9. L’Ati di cui soc. Coop. Elleuno s.c.s. è capogruppo mandataria non si è costituita in giudizio.

10. Con ordinanza n. 1137 del 4 marzo 2019 la Sezione ha accolto l’istanza di sospensione cautelare della sentenza appellata ai soli fini della sollecita definizione nel merito.

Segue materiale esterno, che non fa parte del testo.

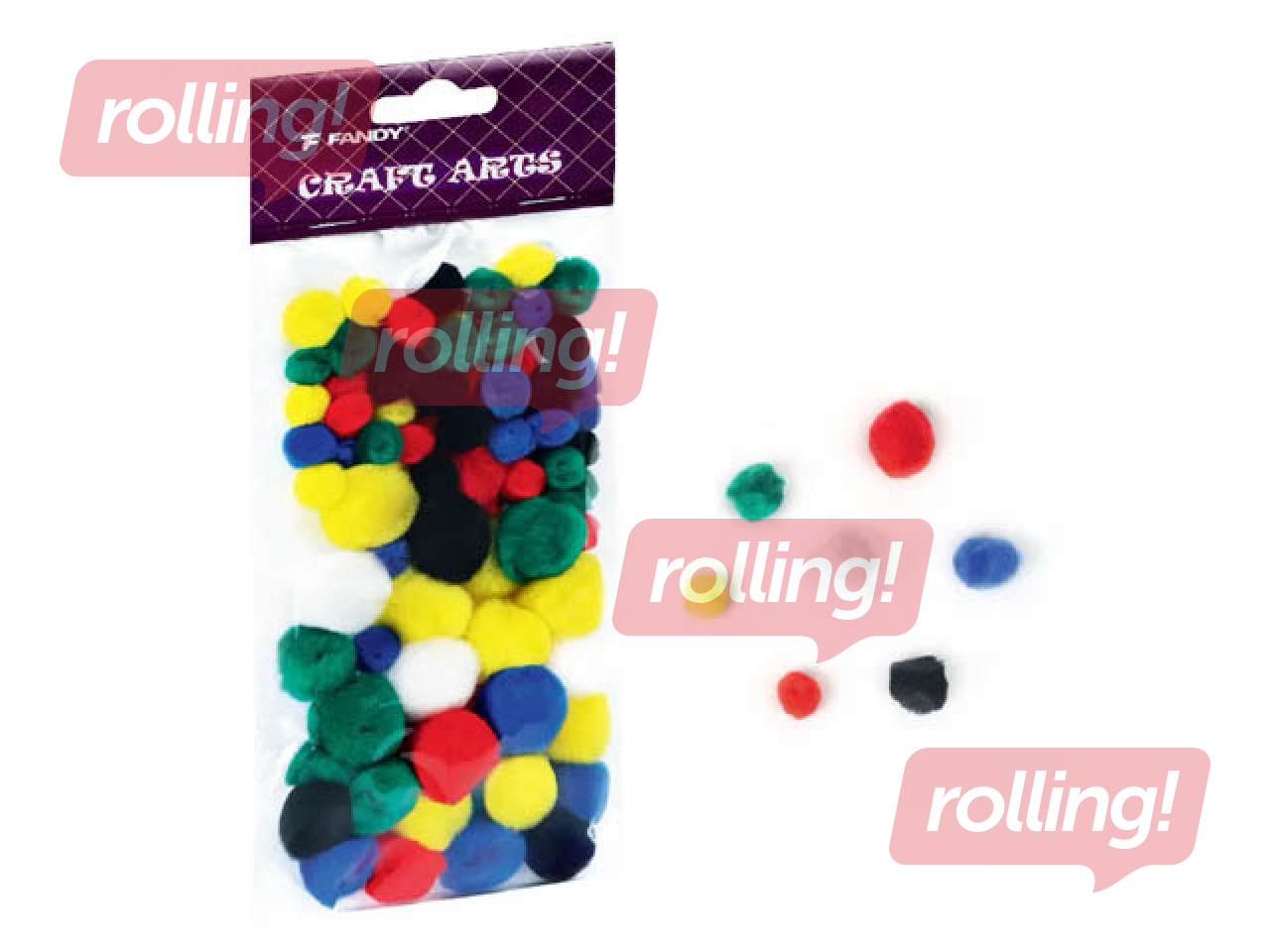 Bumbuļi (pompons), 10-45mm, 78gb., mix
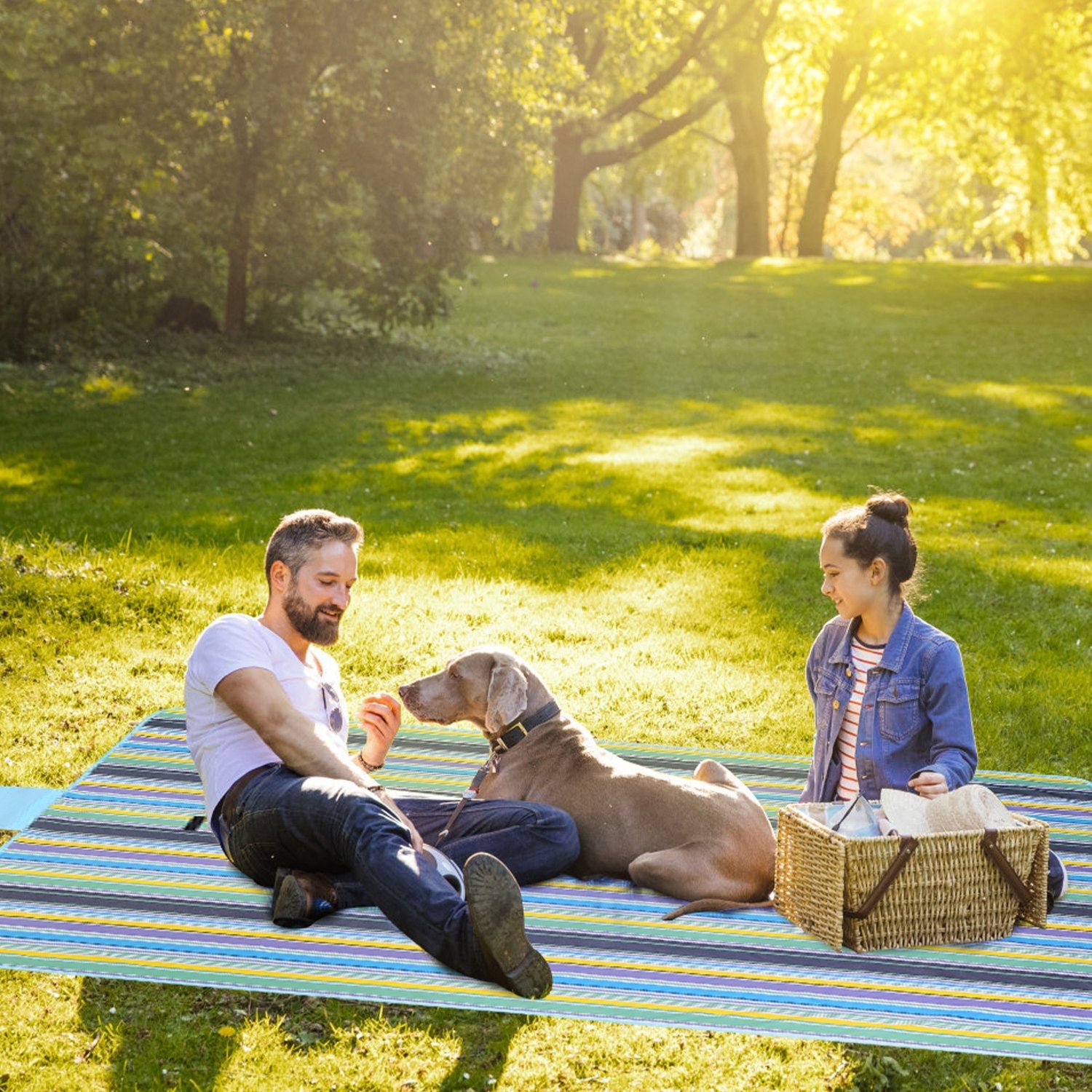 60" x 78" Waterproof Picnic Blanket Handy Mat with Strap Foldable Camping Rug for Camping Hiking Grass Travelling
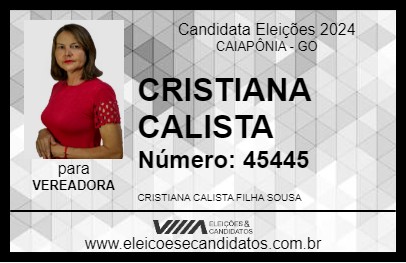 Candidato CRISTIANA CALISTA 2024 - CAIAPÔNIA - Eleições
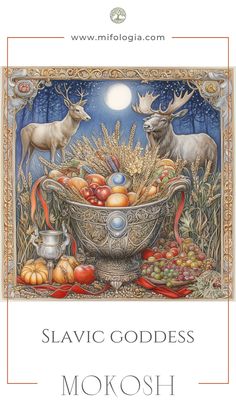 a book cover with an image of a bowl full of food and two deers in the background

11. Alla pubblica udienza del 20 giugno 2019 la causa è stata trattenuta per la decisione.

DIRITTO

1. Oggetto del contenzioso proposto dinanzi al T Campania, sede di Napoli, è la Deliberazione n. 152 del 12 febbraio 2018 del Direttore Generale della Asl Na 2 Nord, con la quale è stata disposta la revoca, ai sensi dell’art. 21 quinquies, l. n. 241 del 1990, della procedura ad evidenza pubblica di cui alla Deliberazione n. 199 del 23 febbraio 2016, bandita per l'affidamento del servizio di cure domiciliari di I, II e III livello, prestazioni di cure delle lesioni cutanee, nutrizione artificiale domiciliare a favore degli utenti della Asl Napoli 2 Nord, per un triennio, per un complessivo importo a base d'asta pari ad euro 29.223756,00.

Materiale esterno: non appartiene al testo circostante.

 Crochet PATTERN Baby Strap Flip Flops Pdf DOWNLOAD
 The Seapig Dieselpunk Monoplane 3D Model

Tale revoca è stata confermata con la successiva Delibera n. 575 del 9 maggio 2018, a seguito di ordinanza propulsiva del T Napoli, sez. V, n. 598 del 24 aprile 2018 che, in considerazione di una segnalata situazione di conflitto di interessi in cui si trovava il Direttore dell’UOC Cure domiciliari, dottor G S, avrebbe imposto la sua astensione dalla procedura di gara, mentre invece ha redatto la nota del 29 gennaio 2018, con la quale ha invitato il Direttore Generale dell’ASL a revocare la procedura.

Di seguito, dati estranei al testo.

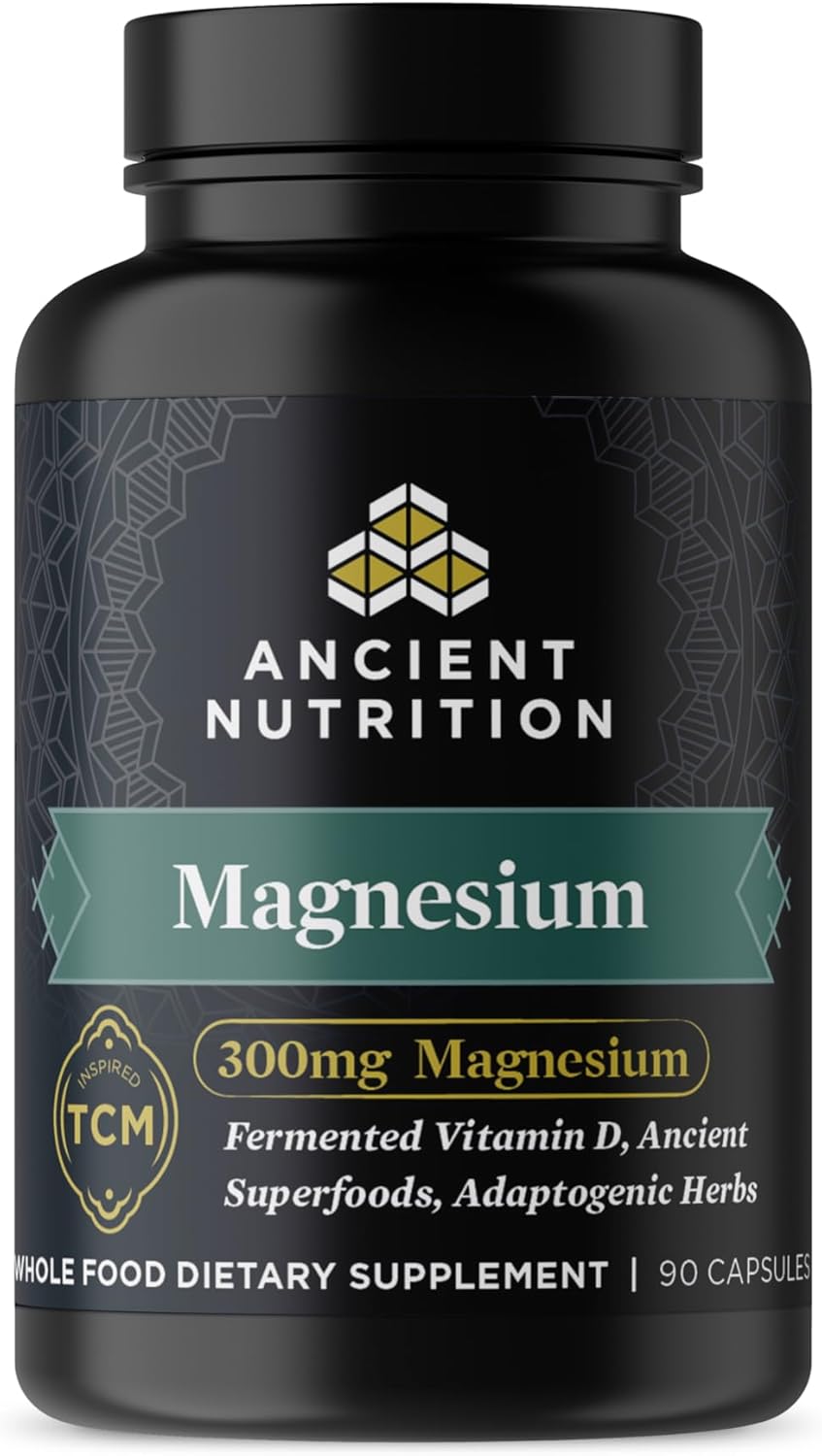Ancient Nutrition Magnesium Supplement - 300mg with Vitamin D for Immune Support | 90 Capsules, Paleo & Keto Friendly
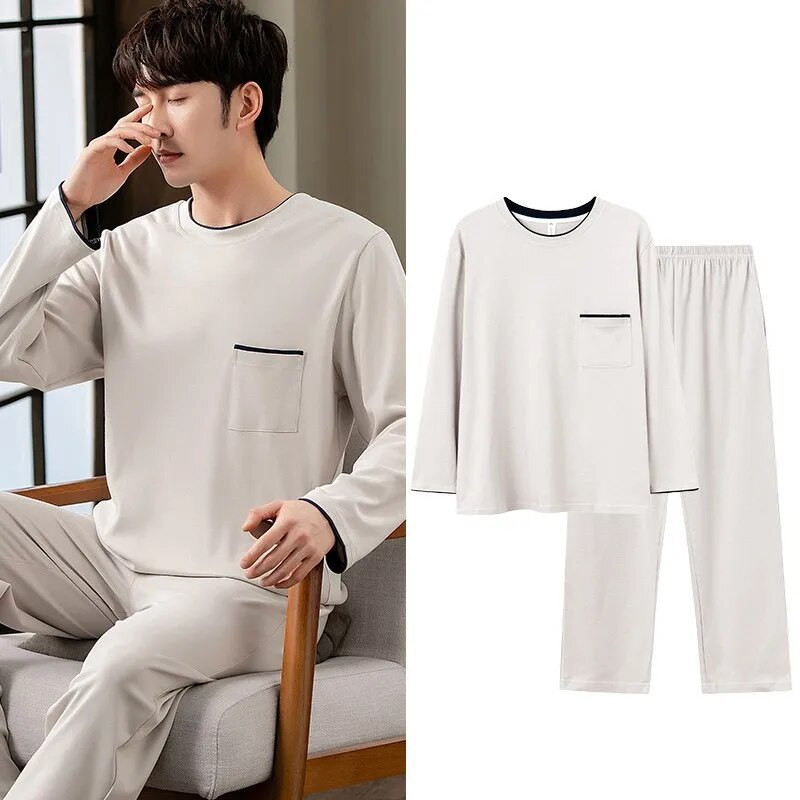 Muške pamučne široke pidžame od 2 kom L-3XL Proljeće Jesen Ležerna kućna odjeća Majica s V-izrezom i hlače za spavanje Jednostavna spavaćica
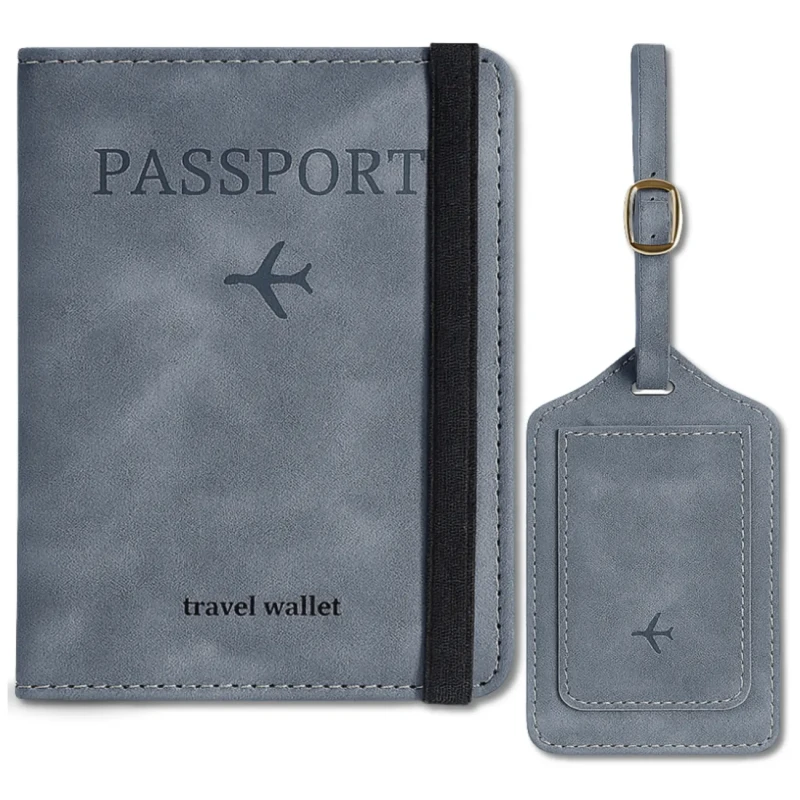 Szary Zestaw Podróżny Etui na Paszport i Zawieszka Nowy Travel Wallet 10.webp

In punto di fatto va rilevato che il dott. G S (dirigente competente per il settore oggetto di gara e Rup della stessa procedura di gara), che ha reso il primo parere favorevole (n. 156581 del 29 gennaio 2018) per la revoca della gara, è padre del dottor G S, amministratore del Centro di riabilitazione Aias di Afragola, che eroga in regime di proroga il servizio oggetto dell’appalto in contestazione.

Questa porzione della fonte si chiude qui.